Baby Guy turned 3 months this week. I forgot until very late in the day that I should take pictures, so we ended up with p.j.s only, but he's still adorable.
Last Thursday and today we took Baby to the church nursery for his first times. He did great! The workers, one of whom adopted two boys from Buckner 30-some-odd years ago, were surprised that he did so well on his first time. It seems to throw him off a little for the rest of the day, but while he is in the nursery he is, as usual, a dream.
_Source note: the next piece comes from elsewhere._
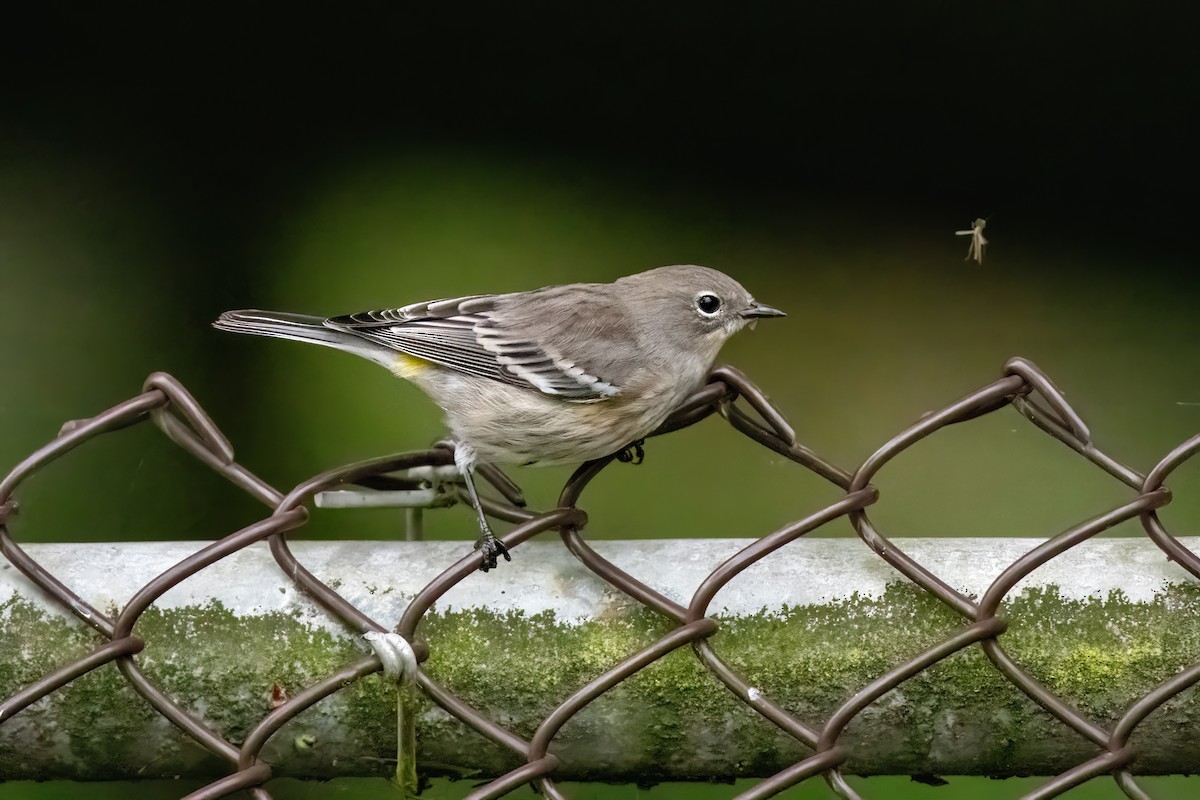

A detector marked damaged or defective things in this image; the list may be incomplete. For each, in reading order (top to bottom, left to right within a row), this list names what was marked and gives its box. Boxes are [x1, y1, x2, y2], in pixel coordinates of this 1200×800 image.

rusty brown wire [0, 360, 1192, 796]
Last week I spent some time grieving over some adoption losses: the loss of having carried our precious son in my womb, the loss of a nursing relationship, and to some extent the loss of "normal." Some would argue that these aren't losses because they weren't something I had in the first place. I disagree. When you've made some assumptions for many years, like the assumptions that all of those things would have happened for me, it is a loss when you start to embrace the fact that it isn't happening. For various reasons these losses hit me last week and I'm glad I finally more fully processed them.
I think I've been very clear on all we've gained through adoption. I know Baby's birthparents have experienced even greater losses than I have - not negating that. Losses can't really be compared person to person, and I don't think they should be. Just trying to keep it real, here. If you'd rather not hear about it, maybe you'd best just look at the pictures - they're cute, huh?